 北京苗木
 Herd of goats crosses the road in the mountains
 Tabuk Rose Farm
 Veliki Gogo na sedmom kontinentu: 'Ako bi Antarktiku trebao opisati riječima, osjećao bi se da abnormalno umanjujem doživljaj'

————————

What to do
All lines from the one with "Tabuk Rose Farm" through the final line of the listing above are to be restated word for word; the lines before it are left out.

Exercise answer
 Tabuk Rose Farm
 Veliki Gogo na sedmom kontinentu: 'Ako bi Antarktiku trebao opisati riječima, osjećao bi se da abnormalno umanjujem doživljaj'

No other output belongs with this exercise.